Singh himself holds an undergraduate degree in visual art and completed graduate studies in journalism. His educational background makes him the odd-man-out at his own company of scientists and engineers, but he says he sees that as something of an advantage.

“A lot of people I talk to in agtech, they have ag degrees or they grew up on farms; I don’t have any of that,” said Singh. “When I approach things, I don’t have any previous experience to attach to [a situation], so I’m able to come at it and look at it with fresh eyes.”

Singh realizes that like all people, he’s only capable of having so much knowledge about so many things. The way he fills in the “blind spots” of his own experience is by adding in the help of two co-founders and team members, all of whom have backgrounds and areas of expertise that differ from his own.

“More and more, companies are trying to focus on innovation, but how do you focus on innovation?” asks Singh. “Usually it’s by mixing up people with diverse backgrounds, maybe unrelated backgrounds to the problem you’re solving, because they can come at it with a new perspective.”

Singh says that other agtech and livestock-focused companies come up with very similar solutions to their common problems, something he attributes to them all having teams with similar educational and career experiences.

He thinks the issue lies in the fact that many professionals might have very focused career trajectories where they study and work in a single field for the duration of their careers––something that could be working against them when it comes to developing innovative and critical thinking skills.

Singh said that’s not always the case when it comes to the experiences of successful entrepreneurs.

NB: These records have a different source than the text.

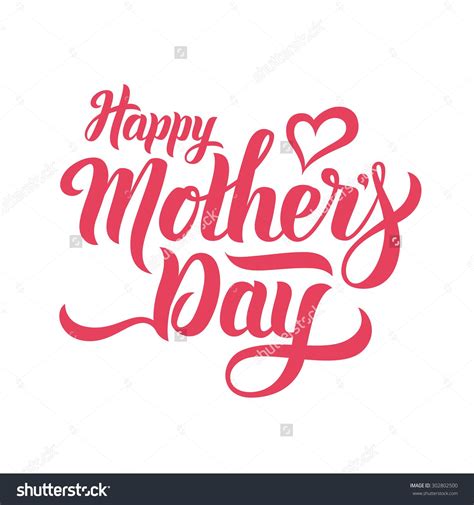 Happy Mothers Day Lettering Handmade Calligraphy Vector Illustration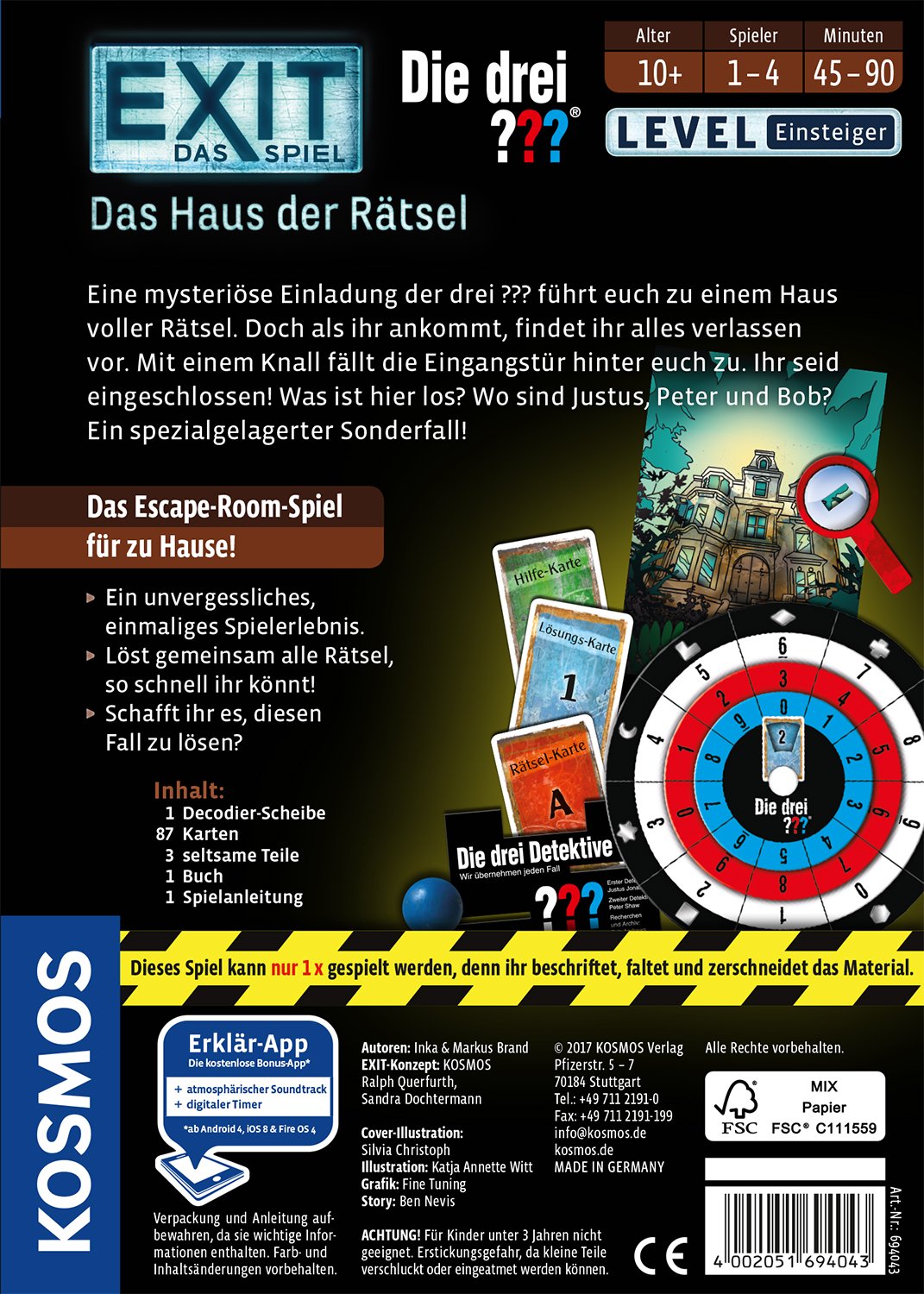 Kosmos 694043 - EXIT: Die drei ???, Das Haus der Rätsel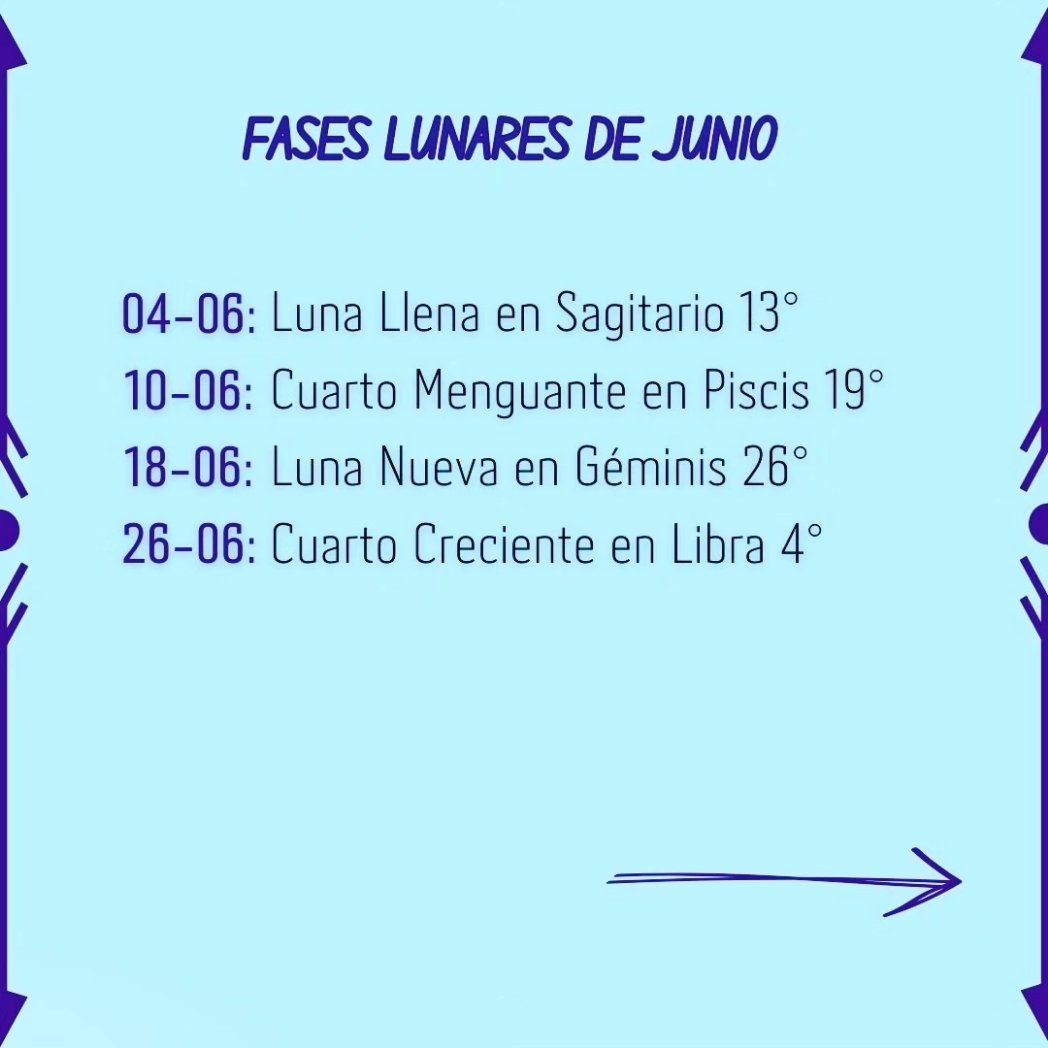 soyastralspace's tweet photo. Acá te dejo las Fases Lunares del Mes de Junio 2023. Aprovéchalos. https://t.co/IyggSwtpoe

When he was a fellow with Pipeline Entrepreneurs, a Kansas City-based program for high-growth business founders, he found a commonality with his peers in the program: They all had the opposite experience of the straightforward and singular education/career path.

“Most of us weren’t like that,” says Singh. “We didn’t really know what we were going to do and we majored in one thing, then after that, we might have had jobs in different types of areas. But that’s kind of what creates us. We tend to have these varied backgrounds and we mash them up and make something new out of it.”

Examples like Singh and QuantifiedAg back up the widely accepted understanding that liberal arts programs are valuable to business development in local communities and states. But despite that, they face frequent cuts by governing boards when it comes time to reconcile university budgets.

In March of 2018, the University of Wisconsin at Stevens Point proposed dropping 13 humanities and social sciences majors including English, Spanish, philosophy, history and sociology as a way to help balance a $4.5 million budget deficit over two years. They also proposed adding additional programs in place of them with “clear career pathways” to combat declining enrollment.

On Friday, PBS published an article stating bachelor’s degrees in English, history and philosophy fell by at least 15 percent between 2008 and 2016, despite a 31 percent increase in total bachelors degrees during that same time period.

A contributing factor to the drop in arts majors is the assumption that those degrees don’t lead to meaningful and realistic employment. However, rather than attempt to change the assumptions surrounding liberal arts degrees as invaluable and dreamy, colleges like the University of Wisconsin cut them. But to what detriment?

Businesses are born when entrepreneurs like Singh put their critical thinking skills to use and successfully identify gaps in markets. With the loss of these degree options also go “durable and portable” skills like analytical and critical thinking, effective communication, and a wider understanding of other people, their viewpoints and the world as a whole.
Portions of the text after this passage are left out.